Kitchen Stories

Janet recommended this movie to me a long time ago, and it finally floated to the top of our Netflix queue. Now I’m recommending it to everybody else.

It’s a Norwegian film (Salmer fra kjøkkenet), and the sort that reviewers call “little:” there aren’t many characters, there isn’t a lot of action (though there is a lot of development), and most of it takes place in one location. The premise is absurd, though for all I know it may really have taken place. The time is 1950, and the Swedish government is doing research on kitchen efficiency. Having studied the Swedish housewife at length and made recommendations toward reducing the number of miles she walks in her kitchen every year, the researchers have turned their attention to the single male. To this end they dispatch a group of observers to the homes of bachelors in Norway. The observer lives in a trailer beside the house and spends his days perched on a tall chair in the kitchen noting every move made by the inhabitant. In order to maintain scientific objectivity, the observer is forbidden to have any interaction at all with his subject. (I told you it was absurd.)
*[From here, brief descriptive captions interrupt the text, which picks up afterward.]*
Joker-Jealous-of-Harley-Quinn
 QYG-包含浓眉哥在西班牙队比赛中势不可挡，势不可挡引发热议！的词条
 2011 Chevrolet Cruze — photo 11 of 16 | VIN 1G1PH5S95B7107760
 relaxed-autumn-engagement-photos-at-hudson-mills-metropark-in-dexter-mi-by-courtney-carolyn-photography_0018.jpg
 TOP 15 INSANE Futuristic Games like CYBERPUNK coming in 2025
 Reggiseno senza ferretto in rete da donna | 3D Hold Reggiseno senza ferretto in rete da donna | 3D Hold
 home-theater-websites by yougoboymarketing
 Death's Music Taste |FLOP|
As you might expect, this rule begins to break down fairly quickly, and the result is alternately amusing and touching. Beyond that, the movie becomes a sly commentary on the folly of studying the human person as a scientific specimen. It might serve as an illustration of a remark made by one of the characters in C. S. Lewis’s That Hideous Strength: “You cannot study men; you can only get to know them.”

By the way, the Internet Movie Database gives the literal translation of the title as Psalms from the Kitchen.